The Truman-Forrestal Memorandum is a one-page document dated September 24, 1947, purportedly signed by President Truman and authorising the formation of MJ-12 under Secretary of Defense James Forrestal. If authentic, it would be the founding document of the programme.
The Cutler-Twining Memo is a carbon copy found in the US National Archives by researchers Shandera and Stanton Friedman in 1985. Unlike the other documents, it was found in an official record group. It references “NSC/MJ-12 Special Studies Project” in a routing memo.
The Authentication Debate
The FBI investigated the MJ-12 documents in 1988 and concluded the Truman-Forrestal Memo was “bogus” based on typographical analysis. However, the FBI’s finding was specific to one document and relied on a single authentication methodology. Researchers including Stanton Friedman spent decades arguing the FBI’s methodology was flawed and that several documents were authentic.
The Cutler-Twining Memo found in the National Archives is the most credible document in the corpus because it was found in an official government record group by researchers — it was not delivered anonymously. However, its presence in the archives proves only that the memo was filed there, not that the programme it references was real.
Document analysts have identified anachronistic typefaces on several documents, date format inconsistencies, and security classification markings that do not match contemporaneous government documents from the same period. These are significant concerns. However, others argue that a disinformation programme would deliberately include such errors to provide deniability.
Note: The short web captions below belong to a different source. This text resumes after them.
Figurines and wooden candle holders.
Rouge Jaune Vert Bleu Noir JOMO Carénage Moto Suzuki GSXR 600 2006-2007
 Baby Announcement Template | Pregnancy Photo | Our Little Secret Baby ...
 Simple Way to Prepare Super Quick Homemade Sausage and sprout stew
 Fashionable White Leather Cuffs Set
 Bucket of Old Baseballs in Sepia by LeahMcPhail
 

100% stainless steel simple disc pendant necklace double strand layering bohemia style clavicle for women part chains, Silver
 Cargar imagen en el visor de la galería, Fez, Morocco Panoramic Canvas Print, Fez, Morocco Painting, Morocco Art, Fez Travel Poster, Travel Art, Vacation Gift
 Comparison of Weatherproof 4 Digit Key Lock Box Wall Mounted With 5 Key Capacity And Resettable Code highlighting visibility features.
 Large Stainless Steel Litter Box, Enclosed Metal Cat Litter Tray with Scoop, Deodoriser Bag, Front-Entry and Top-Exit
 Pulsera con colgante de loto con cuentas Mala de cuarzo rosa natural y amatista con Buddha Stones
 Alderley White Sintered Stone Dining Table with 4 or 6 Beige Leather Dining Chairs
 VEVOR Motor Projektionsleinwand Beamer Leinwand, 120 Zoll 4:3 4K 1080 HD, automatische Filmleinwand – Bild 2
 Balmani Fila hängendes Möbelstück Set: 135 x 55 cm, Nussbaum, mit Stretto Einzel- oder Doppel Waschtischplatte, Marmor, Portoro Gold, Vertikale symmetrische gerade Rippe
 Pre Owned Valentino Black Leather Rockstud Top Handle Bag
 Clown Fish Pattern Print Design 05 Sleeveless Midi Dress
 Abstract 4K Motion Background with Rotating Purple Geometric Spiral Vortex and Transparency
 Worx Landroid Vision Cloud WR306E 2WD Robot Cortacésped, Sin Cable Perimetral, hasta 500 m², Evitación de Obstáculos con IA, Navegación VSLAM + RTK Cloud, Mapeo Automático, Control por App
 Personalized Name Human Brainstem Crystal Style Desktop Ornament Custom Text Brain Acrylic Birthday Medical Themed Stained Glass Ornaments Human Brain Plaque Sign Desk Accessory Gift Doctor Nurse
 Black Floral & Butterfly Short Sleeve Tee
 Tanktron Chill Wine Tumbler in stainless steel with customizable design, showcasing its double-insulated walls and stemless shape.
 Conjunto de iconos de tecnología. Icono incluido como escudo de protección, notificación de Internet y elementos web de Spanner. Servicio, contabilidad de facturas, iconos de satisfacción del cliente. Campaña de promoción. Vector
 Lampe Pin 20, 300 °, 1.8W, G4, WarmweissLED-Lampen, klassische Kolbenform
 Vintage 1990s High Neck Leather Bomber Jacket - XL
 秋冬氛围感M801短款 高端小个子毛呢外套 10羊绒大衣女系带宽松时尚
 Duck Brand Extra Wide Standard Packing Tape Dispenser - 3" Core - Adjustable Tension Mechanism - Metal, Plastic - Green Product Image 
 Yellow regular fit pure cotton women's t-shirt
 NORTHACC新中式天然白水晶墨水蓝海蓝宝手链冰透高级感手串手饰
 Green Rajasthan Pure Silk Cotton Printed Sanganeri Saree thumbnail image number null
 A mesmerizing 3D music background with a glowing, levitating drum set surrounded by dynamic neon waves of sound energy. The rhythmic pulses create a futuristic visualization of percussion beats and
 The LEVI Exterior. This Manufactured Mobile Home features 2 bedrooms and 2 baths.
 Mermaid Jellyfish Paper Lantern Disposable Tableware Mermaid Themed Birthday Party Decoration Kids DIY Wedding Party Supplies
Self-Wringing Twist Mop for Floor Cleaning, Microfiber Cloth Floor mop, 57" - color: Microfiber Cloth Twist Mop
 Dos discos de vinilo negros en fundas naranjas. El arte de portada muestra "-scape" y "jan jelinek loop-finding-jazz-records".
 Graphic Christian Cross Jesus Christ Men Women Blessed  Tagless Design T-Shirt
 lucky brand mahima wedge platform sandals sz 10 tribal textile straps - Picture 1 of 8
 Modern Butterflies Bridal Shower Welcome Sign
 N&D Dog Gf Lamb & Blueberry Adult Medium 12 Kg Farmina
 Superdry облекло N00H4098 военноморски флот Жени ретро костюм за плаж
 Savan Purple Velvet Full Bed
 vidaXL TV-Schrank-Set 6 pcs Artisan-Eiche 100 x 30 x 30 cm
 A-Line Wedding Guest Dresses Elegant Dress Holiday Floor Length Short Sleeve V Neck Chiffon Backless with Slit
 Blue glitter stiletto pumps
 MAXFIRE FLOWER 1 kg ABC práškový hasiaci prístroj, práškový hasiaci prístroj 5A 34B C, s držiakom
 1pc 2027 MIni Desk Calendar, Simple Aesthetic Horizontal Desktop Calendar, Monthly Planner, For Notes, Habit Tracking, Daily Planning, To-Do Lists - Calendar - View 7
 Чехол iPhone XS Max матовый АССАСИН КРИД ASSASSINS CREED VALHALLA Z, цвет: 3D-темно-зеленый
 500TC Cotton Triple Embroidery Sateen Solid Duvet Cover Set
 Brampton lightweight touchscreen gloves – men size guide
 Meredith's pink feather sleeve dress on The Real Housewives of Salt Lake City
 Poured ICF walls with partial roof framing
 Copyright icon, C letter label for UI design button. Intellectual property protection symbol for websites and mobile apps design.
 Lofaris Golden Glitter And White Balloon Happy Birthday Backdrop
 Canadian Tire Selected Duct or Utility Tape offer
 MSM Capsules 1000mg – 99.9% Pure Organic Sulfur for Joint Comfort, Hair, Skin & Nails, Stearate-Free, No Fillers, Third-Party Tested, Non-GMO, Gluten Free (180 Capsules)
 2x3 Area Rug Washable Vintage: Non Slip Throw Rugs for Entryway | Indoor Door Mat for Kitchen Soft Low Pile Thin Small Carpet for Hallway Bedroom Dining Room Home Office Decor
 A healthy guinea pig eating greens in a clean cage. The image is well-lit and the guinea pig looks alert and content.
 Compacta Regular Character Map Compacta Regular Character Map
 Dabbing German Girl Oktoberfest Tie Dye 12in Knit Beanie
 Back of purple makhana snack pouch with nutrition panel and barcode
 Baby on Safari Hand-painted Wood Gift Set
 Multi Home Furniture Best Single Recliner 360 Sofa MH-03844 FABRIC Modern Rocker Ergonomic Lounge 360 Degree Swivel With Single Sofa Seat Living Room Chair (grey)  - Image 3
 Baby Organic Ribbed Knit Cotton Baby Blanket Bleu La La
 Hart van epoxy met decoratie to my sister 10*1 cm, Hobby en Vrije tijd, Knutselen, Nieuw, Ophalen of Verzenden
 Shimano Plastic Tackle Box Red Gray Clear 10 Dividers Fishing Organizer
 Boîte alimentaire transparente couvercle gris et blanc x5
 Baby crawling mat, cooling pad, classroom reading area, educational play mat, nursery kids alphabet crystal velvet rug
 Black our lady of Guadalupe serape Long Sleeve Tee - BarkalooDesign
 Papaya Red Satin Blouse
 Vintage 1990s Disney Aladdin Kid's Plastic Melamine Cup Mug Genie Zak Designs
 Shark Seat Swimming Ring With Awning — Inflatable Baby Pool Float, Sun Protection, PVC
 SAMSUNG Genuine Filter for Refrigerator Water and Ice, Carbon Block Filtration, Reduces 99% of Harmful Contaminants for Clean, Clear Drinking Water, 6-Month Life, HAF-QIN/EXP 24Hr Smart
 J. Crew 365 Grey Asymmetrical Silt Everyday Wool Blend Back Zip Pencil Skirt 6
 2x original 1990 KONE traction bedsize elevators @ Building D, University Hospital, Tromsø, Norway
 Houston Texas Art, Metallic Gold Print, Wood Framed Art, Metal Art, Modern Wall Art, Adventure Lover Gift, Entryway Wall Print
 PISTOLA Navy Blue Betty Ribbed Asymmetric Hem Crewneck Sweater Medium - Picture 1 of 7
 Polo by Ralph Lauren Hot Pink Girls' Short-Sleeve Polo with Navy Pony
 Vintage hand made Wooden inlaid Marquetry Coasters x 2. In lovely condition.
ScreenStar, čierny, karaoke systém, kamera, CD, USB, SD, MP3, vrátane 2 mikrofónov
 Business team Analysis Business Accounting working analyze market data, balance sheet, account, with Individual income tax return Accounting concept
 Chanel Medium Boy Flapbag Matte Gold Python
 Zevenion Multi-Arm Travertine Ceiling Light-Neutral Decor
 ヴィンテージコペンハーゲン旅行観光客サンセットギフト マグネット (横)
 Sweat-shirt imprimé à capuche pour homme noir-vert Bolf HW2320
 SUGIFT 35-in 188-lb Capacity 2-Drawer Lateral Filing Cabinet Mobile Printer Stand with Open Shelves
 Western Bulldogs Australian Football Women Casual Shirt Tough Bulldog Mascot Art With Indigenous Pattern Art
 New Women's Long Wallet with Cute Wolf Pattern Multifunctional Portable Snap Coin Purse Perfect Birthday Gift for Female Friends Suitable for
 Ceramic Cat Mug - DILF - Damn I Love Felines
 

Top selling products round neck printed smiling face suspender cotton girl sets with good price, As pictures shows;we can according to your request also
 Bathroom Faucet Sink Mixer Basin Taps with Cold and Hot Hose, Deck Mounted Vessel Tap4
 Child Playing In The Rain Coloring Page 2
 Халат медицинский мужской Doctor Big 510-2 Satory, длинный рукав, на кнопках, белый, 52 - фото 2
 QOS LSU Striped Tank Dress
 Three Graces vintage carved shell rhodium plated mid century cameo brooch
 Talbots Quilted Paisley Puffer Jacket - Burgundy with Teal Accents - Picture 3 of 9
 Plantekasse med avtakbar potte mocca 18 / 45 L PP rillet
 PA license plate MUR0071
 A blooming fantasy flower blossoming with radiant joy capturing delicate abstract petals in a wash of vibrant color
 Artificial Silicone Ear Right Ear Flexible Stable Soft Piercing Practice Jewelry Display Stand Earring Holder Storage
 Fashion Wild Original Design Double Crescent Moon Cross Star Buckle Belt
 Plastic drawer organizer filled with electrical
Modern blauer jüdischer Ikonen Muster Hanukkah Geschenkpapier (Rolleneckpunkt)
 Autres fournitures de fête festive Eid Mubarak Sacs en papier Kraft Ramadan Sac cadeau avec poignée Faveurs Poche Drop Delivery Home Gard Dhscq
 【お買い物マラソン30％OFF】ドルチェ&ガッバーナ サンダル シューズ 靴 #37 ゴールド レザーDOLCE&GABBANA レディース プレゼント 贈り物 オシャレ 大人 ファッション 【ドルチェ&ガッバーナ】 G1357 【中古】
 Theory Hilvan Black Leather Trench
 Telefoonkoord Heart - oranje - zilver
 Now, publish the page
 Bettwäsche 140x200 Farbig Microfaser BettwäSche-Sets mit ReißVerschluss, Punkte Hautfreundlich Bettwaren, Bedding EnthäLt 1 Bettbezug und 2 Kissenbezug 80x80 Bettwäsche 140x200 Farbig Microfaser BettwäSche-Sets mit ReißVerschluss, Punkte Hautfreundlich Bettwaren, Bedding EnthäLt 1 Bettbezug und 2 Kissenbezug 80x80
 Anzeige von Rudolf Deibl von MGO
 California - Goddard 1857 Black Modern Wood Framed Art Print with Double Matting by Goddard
What The Declassified Record Shows
Separate from the MJ-12 documents themselves, the declassified record confirms: the existence of Project Mogul (which the Air Force claims explains Roswell), classified aerial reconnaissance programmes operating in the same airspace and period, and a pattern of compartmentalisation around UAP information within intelligence agencies that is consistent with a special access programme. None of this proves MJ-12 existed. None of it disproves it either.